Ambitious and overflowing with ideas, the latest from Christopher Nolan shoots for the moon but lands… somewhere in Cleveland.
Release date: November 7, 2014 (USA)
Director: Christopher Nolan
Stars: Matthew McConaughey, Anne Hathaway, Jessica Chastain
Running time: 169 minutes
MPAA rating: PG-13
There’s an old saying: “Aim for the moon; if you miss you’ll land among the stars.” Putting aside how astronomically incorrect that is, I’ve always found the sentiment misguided. It suggests that the more difficult the task, the better off you’ll be regardless of outcome. But human endeavor is the opposite: If you aim for the moon and miss, you’ll freeze to death in space. If you aim for Cincinnati and miss, you’ll just end up in Cleveland, which – even though it’s Cleveland – is still preferable to death. That’s why sports like figure skating include a “degree of difficulty” component in scoring: an athlete should get credit for even trying the hardest moves.
While watching Christopher Nolan’s latest behemoth Interstellar, I found myself asking, “Should we give extremely ambitious films the same “difficulty” credit even if they don’t deliver?” In short: I don’t think so. A film that aspires to say something transformative about the human condition but turns out mediocre is still just a mediocre film. Sure, Taken and Bridesmaids attacked much easier topics than the ultimate fate of our species, but those films achieved what they aspired to do. Interstellar – for me – did not.
The film’s set in a near future that sees earth barely habitable for humans. Crops won’t grow, governments are gone, and we’re struggling to survive. Matthew McConaughey plays former astronaut/engineer/scientist Cooper, who – like most people – is now a farmer. The first 45 minutes are the best of the film, as Nolan paints a portrait of a dust bowl dystopia that’s as plagued by cynicism as it is the “blight” that kills crops.
Cooper is a widower raising two kids with the help of his father-in-law, who defines Cooper’s as nothing more than a “caretaker generation.” Even the teachers in this world are cynical: they teach kids that the moon landing was a hoax the U.S. perpetrated to bankrupt the Russians. The teachers’ reasoning is that giving kids an example of pragmatic strategizing is more useful than filling their heads with no-longer-possible dreams of space travel. This is one of the only genuinely original ideas in the film and it was thought provoking.

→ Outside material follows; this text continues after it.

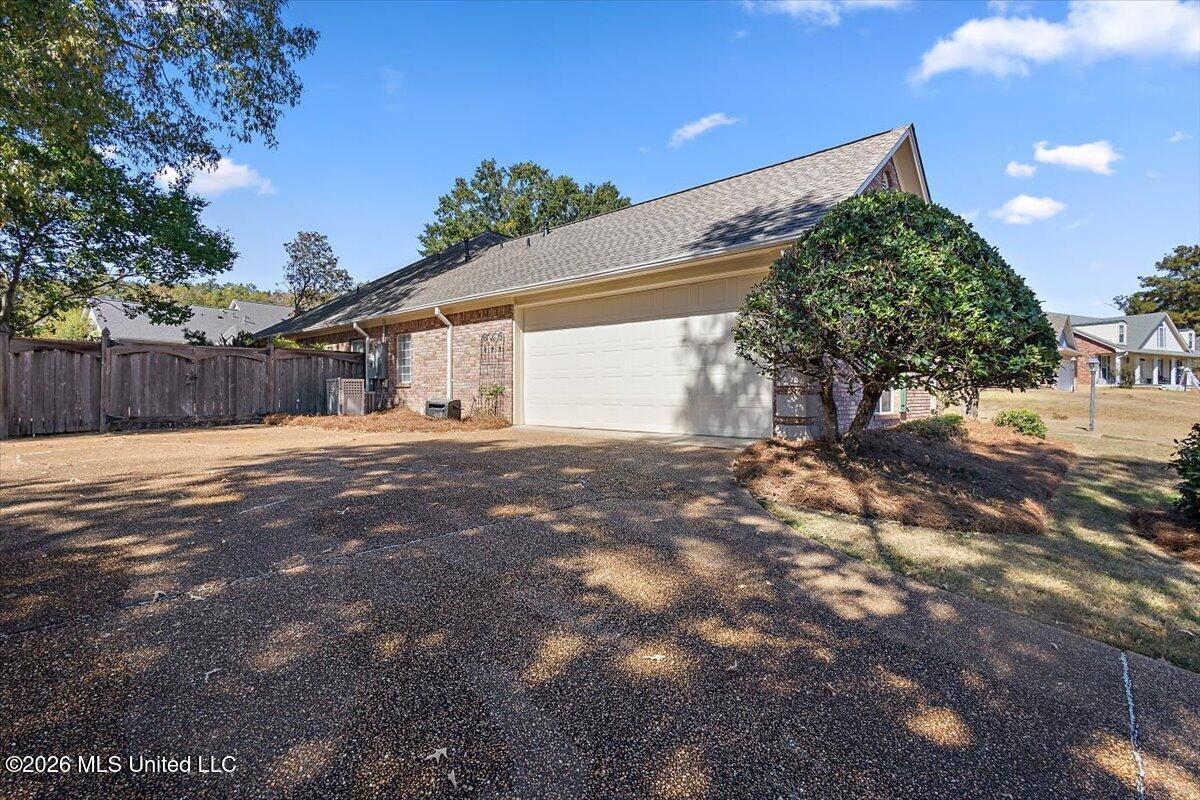 306 Bordeaux Drive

Interstellar is at its best when it’s lamenting our society’s cynical malaise and lack of ambition via sci-fi exaggeration. This makes sense, as Nolan’s career has been an exploration of cynicism. Memento was about whether we lie to ourselves to make ourselves happy. (A cynical “yes.”) The Prestige asked whether we must give up our humanity in order to achieve greatness. (An even more cynical “yes.”) Inception asks: can our subconscious and thus our very grasp on reality be manipulated by technology and sold to the highest bidder? (A resounding “yes,” regardless of what you thought the ending meant.) And weaved between these was his most hopeful, optimistic endeavor: The Dark Knight trilogy, a superhero series wrapped around a meandering Socratic dialogue on whether society is so irredeemable it must be destroyed and restarted from scratch. These movies were so successful partly because they were each a cynical “yes” for the first 90 minutes only to pull out a hopeful “No, people are worth saving!” in the end.
To be clear, these cynical propositions and often-cynical answers are why I love Nolan’s work. He embraces the darkness, which makes it much easier to be truthful.

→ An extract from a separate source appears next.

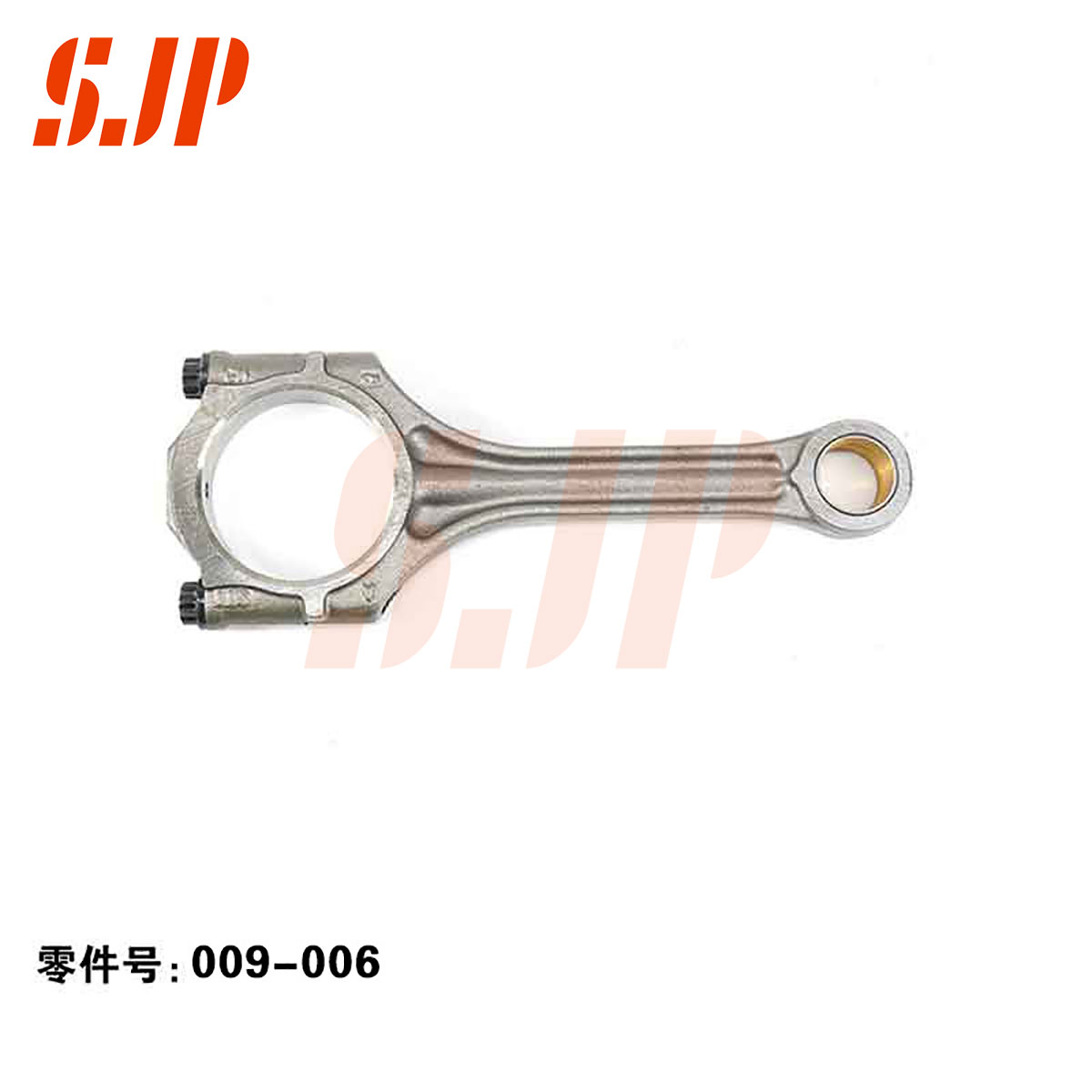 SJ-009-006 Connecting Rod For FORD EA111 1.4T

Interstellar sets up its particular cynical proposition in an on-the-nose fashion. The space mission to find a habitable planet and save humanity has a plan A (move earth’s inhabitants there), and a plan B (repopulate using frozen zygotes while earth’s population dies). It turns out that trying one may doom the other, so the familiar question of whether humans should be saved takes the forefront with Cooper’s desire to reunite with his daughter complicating things.
I think some people will say this is a sci-fi masterpiece, but as a student of sci-fi, I have to disagree. The science is solid at the start but gets wonky by the end and the way the film plays out its only major scientific mystery will disgust true sci-fi lovers. This is no 2001, no Solaris… it’s not even a Contact. It has some beautiful sequences that build suspense, but Nolan’s usual ingenuity with structure is nowhere to be found in a film that is long enough to need it badly. Unfortunately Nolan’s knack for bringing new ideas to the blockbuster is also missing, as most everything here has been done before and better.
Don’t get me wrong: I love ambitious filmmakers and I love Christopher Nolan’s work and hope he continues to be able to make any kind of film he wants. I don’t think trying difficult things is foolish. But be ready to fail. After all, why do we fall? To learn to pick ourselves back up.